UT Spark Innovation Center workshop focuses on being a CEO or hiring the right one

By Tom Ballard, Chief Alliance Officer, PYA

About three dozen individuals – two-thirds of them attending in-person and the balance virtually – participated in a more than five-hour discussion on Wednesday that focused on the role, responsibilities, challenges, and opportunities facing Chief Executive Officers (CEO).

Organized and hosted by the Spark Innovation Center at the University of Tennessee Research Park, the programming was designed to particularly help first-time Founders of start-ups understand the importance of what they must do to be successful, either as the CEO of their company or in finding the right person to fill the leadership role. The title – “Being a CEO or Hiring One” – underscored that theme.

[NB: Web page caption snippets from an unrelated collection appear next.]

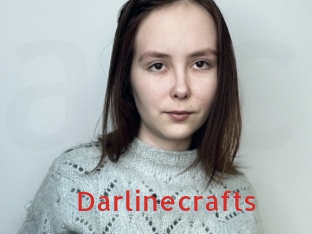 Darlinecrafts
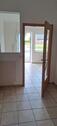 Foto - 2 Zimmer Erdgeschoßwohnung zur Miete in Papenburg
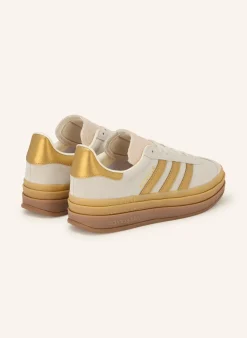 Sneaker GAZELLE BOLD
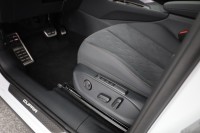 Cupra Terramar 1.5 eTSI DSG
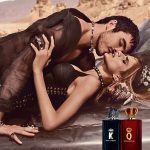 عطر ادکلن کی بای دولچه اند گابانا پارفوم دولچه و گابانا - Q by Dolce & Gabbana Parfum Dolce&Gabbana - بررسی، قیمت و خرید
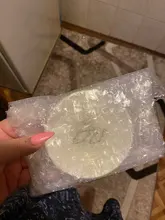 Hedgehog-Bowl Dish Snack-Plate Chinchilla Ceramics Small Cat Cute Cartoon Squirrel Saucer-Shape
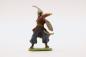 Preview: Turk (fighting) Janissary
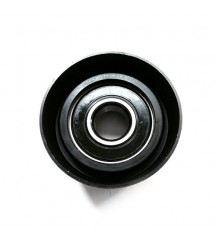 Idler pulley 21574656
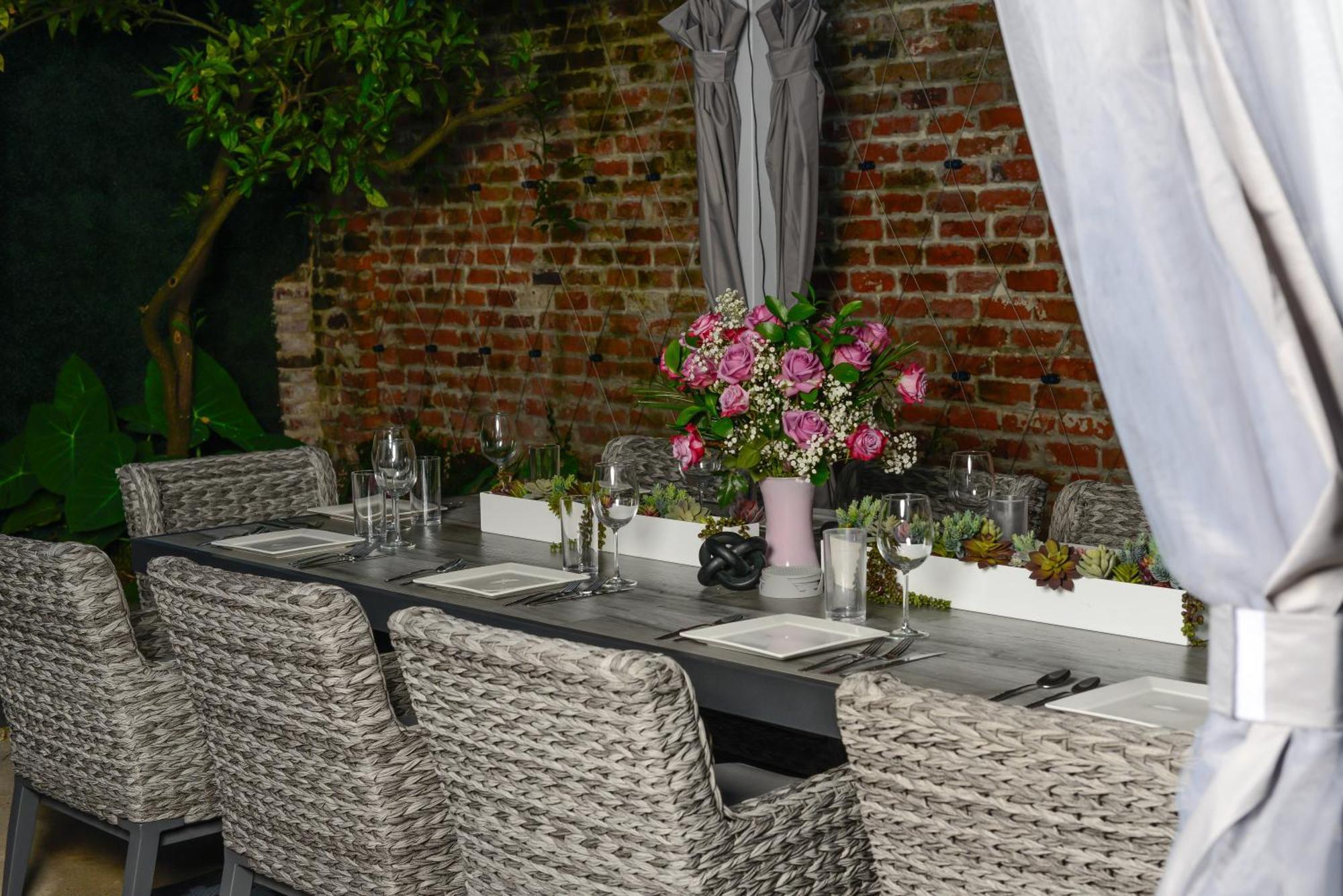 4 Bedroom - Sleeps 8! Best Location Next To Bourbon Street! New Orleans Exterior photo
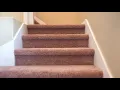 2428 Bell Port Avenue Tulare CA Tour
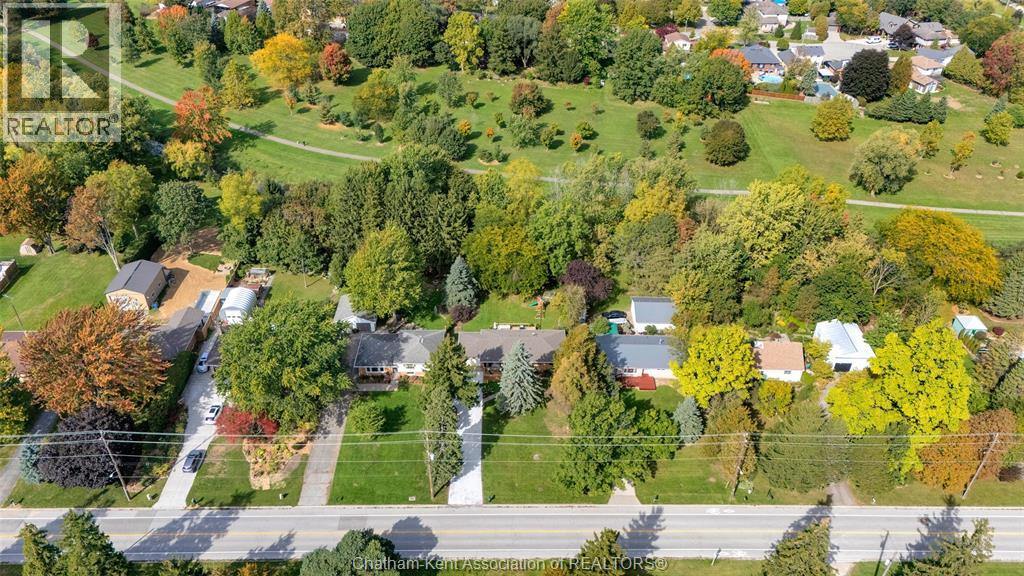 300 Indian Creek Road East, Chatham, Ontario  N7M 0M8 - Photo 49 - 26024689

As such, many of those in attendance were current members or alumni of the “Innovation Crossroads” program operated by Oak Ridge National Laboratory or participants in the inaugural cohort of the Spark Innovation Center. There were also a few other locally-based entrepreneurs such as Bruce Ramshaw (CQ Insights), Dan Close (490 BioTech), and John Sorochan, a UT Knoxville Associate Professor and Founder of QuickSod Inc. He is now involved with a start-up currently in stealth mode.

John Bruck Yesterday

John Bruck, the newly named Director of the Spark Innovation Center, presided over the program that was divided into three components: (1) a discussion of the CEO roles, interspersed with some of Bruck’s lessons learned during his career; (2) a presentation from Angelique Adams that focused on her nearly 25-year career leading innovation at two major corporations and lessons she learned; and (3) a panel moderated by Brandon Bruce, Knoxville’s ubiquitous entrepreneurial champion.

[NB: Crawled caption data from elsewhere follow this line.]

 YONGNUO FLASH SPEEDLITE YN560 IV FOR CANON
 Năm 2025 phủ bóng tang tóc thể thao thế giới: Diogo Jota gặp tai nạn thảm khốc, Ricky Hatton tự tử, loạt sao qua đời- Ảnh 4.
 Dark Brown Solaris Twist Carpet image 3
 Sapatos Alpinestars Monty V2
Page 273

During his roughly 90-minute presentation, Bruck described how he evolved from a corporate guy to the Co-Founder with two others of a Cincinnati-based engineering firm that he ran as Chair and President for 25 years.

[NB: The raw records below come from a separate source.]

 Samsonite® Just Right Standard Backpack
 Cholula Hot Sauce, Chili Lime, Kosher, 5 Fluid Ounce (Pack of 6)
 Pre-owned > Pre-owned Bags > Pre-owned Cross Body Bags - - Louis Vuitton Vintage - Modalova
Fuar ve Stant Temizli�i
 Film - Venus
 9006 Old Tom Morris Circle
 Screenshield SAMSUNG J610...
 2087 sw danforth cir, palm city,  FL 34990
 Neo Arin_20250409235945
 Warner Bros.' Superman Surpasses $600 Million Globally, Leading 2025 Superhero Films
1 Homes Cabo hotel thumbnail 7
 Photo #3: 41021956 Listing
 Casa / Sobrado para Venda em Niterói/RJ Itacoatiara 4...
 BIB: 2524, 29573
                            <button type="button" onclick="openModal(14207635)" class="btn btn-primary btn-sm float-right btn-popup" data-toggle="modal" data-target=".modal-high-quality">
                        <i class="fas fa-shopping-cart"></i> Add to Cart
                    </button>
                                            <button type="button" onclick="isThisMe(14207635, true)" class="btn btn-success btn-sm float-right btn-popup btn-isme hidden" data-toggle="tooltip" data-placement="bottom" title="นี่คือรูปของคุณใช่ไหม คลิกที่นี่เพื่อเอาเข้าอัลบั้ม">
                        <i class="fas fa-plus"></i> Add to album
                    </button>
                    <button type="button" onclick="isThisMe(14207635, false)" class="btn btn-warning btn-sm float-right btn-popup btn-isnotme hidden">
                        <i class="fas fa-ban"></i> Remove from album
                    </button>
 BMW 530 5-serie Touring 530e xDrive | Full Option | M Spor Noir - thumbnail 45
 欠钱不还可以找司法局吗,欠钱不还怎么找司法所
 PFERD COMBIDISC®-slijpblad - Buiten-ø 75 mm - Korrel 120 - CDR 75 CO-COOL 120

“I had the CEO itch,” he explained, but advised those in attendance of two key decisions they must make. “Where you are sitting in your organization is up to you,” but quickly added, “Control is everything as the innovator, entrepreneur, and founder.”

To illustrate those two points, Bruck noted that he was not the CEO. “I did not need one in that company,” he said. On the topic of control, Bruck said the two Co-Founders agreed to his two provisos: he owned 51 percent of the company and all of the voting shares. “I knew I had control forever.”

Bruck’s presentation covered a variety of topics with a good deal of time devoted to establishing a board of directors, making the right selection, communicating effectively and transparently with board members, the difference between leadership and management, and the importance of shared values among stakeholders – employees, board members, and investors.

“Shared values are the most important,” Bruck said. “You absolutely have to get it right. Values are the glue that binds stakeholders together.”

Adams, who spent nearly 21 years with Alcoa and another close to three years as Chief Innovation and R&D Officer with Aperam, followed Bruck. Today, the Knoxville resident heads her own firm – Angelique Adams Media Solutions – and also is an author (first book is titled Women in STEM), speaker, diversity evangelist, and member of several community-focused boards of directors.

“I like to think of people in innovation in three buckets,” Adams told the group. Those buckets include the individual (“yourself,” as she put it), makers (“people who are creating and touching what is unique to your business”), and the ecosystem.

“Innovation takes an ecosystem,” Adams said, reminding attendees of the importance of not only knowing, but also engaging their stakeholders. “When you don’t engage key stakeholders, bad things can happen.”

On the topic of makers, she drew a distinction between what managers do which includes recurring meetings, frequently back-to-back, and what their makers do. Adams said it is important to protect the environment of those doing the innovation work, and that “protecting involves both their space and time. People need time to think,” so she urged CEOs to consider establishing periodic half-day blocks of what she called “Maker Time” for the innovators to do that all-important creative work.

Adams also stressed the importance of celebrating wins, including finding the proverbial silver lining in what might otherwise be considered a disaster. And, like Bruck before her, she reinforced the point that every CEO should consider: “If you are not having fun, it’s time to do something else.”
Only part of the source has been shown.